Personal information
- Full name: Adam Mark Buxton
- Date of birth: 12 May 1992 (age 33)
- Place of birth: Liverpool, England
- Height: 1.85 m (6 ft 1 in)
- Position: Right back

Team information
- Current team: Bootle

Youth career
- 0000–2010: Wigan Athletic

Senior career*
- Years: Team / Apps / (Gls)
- 2010–2014: Wigan Athletic / 0 / (0)
- 2014: → Burton Albion (loan) / 0 / (0)
- 2014: → Accrington Stanley (loan) / 11 / (0)
- 2014–2016: Accrington Stanley / 45 / (2)
- 2016–2017: Portsmouth / 0 / (0)
- 2017–2019: Tranmere Rovers / 67 / (3)
- 2019–2020: Morecambe / 13 / (1)
- 2020: → York City (loan) / 3 / (0)
- 2020–2021: Prestatyn Town
- 2021–2022: Warrington Rylands / 19 / (5)
- 2023–: Bootle / 6 / (0)

= Adam Buxton (footballer) =

English footballer

Adam Mark Buxton (born 12 May 1992) is an English footballer who plays as a right-back for Bootle.

==Club career==

===Wigan Athletic===
Buxton began his career at Wigan Athletic, and experienced his first taste of first-team football when he was an unused substitute for an FA Cup tie against Hull City on 8 January 2011. Buxton spent the rest of the season playing for the Wigan reserve team, and went on to captain the development squad throughout the 2011–12 and 2012–13 seasons. He broke back into the first-team setup at the beginning of the 2013–14 season, travelling with the senior Wigan side on their pre-season tour of the United States, and featuring in several pre-season friendlies. However, once the newly relegated side's season had started, Buxton found himself unable to make his way into the line-up for the first-team.

===Burton Albion (Loan)===
On 3 January 2014, League Two side Burton Albion took Buxton on loan from Wigan for one month.
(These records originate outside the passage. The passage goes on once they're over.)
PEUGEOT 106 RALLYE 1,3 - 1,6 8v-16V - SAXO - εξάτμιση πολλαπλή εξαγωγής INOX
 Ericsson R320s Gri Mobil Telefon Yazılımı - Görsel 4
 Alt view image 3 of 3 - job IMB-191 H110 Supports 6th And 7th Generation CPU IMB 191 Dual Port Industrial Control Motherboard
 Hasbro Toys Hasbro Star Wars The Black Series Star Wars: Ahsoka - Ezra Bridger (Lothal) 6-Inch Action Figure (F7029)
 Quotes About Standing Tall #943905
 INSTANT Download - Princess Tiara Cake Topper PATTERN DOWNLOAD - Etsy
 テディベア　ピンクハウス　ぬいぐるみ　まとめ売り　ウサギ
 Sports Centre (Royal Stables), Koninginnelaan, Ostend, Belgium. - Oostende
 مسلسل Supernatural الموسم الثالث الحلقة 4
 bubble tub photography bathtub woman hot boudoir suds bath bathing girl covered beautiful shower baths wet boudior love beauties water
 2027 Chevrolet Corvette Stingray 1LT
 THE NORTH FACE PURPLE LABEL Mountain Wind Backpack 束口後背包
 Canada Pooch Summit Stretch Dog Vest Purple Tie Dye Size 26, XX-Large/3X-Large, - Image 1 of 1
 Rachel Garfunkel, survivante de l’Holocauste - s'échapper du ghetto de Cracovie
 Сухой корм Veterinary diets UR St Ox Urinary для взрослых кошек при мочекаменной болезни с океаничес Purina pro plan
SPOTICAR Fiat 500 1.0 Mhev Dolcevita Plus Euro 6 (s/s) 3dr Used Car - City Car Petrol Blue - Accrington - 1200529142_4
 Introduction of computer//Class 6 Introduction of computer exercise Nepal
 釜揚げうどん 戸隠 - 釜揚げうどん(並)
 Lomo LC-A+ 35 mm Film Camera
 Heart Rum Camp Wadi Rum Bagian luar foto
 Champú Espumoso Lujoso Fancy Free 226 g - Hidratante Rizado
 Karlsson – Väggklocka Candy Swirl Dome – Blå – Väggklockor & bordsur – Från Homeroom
He was issued the squad number 4, and made his professional debut on 14 January 2014 in a 4–1 defeat to AFC Bournemouth in the FA Cup. Buxton made no further appearances for Burton, and was recalled by Wigan on 1 February 2014, at the completion of the initial one-month loan.

===Accrington Stanley (Loan)===
Buxton was sent out on loan again a month later, joining another League Two side Accrington Stanley on 8 March 2014, on a one-month emergency loan deal. He made his debut for the club the same day, starting in a 3–1 league win against Chesterfield. Accrington manager James Beattie said of Buxton's debut performance after the match: "I was very pleased with Adam's display at right-back on Saturday and I think everyone who was at the game saw how accomplished he was." On 10 April 2014, Buxton's loan at Stanley was extended until the end of the 2013–14 season. At the end of the season, Buxton was among five players to be released.

===Accrington Stanley===
After being released by Wigan Athletic, Buxton re-signed for Accrington Stanley on a one-year contract. He scored his first goal for the club in a 2–1 loss at AFC Wimbledon on 24 January 2015. In August 2016 Buxton declined a contract extension with Accrington in favour of joining Portsmouth. He mutually agreed to leave the club after struggling to make an impact and only played cup matches in his short stay.

===Tranmere Rovers===
On 1 February 2017, Tranmere Rovers signed Buxton on a free transfer on a deal until the end of the season.

===Morecambe===

On 29 June 2019, Buxton signed for League Two club Morecambe on an initial one-year deal.
Buxton scored his first goal for Morecambe on 28 September 2019, coming off the bench against Northampton Town to score Morecambe's first of their comeback in a 2–2 draw. Buxton was made available to find a new club alongside teammate Andrew Tutte in January due to limited first team opportunities and was released in June 2020.

=== York City ===
Buxton joined National League North side York City on loan until the end of the 2019/20 season.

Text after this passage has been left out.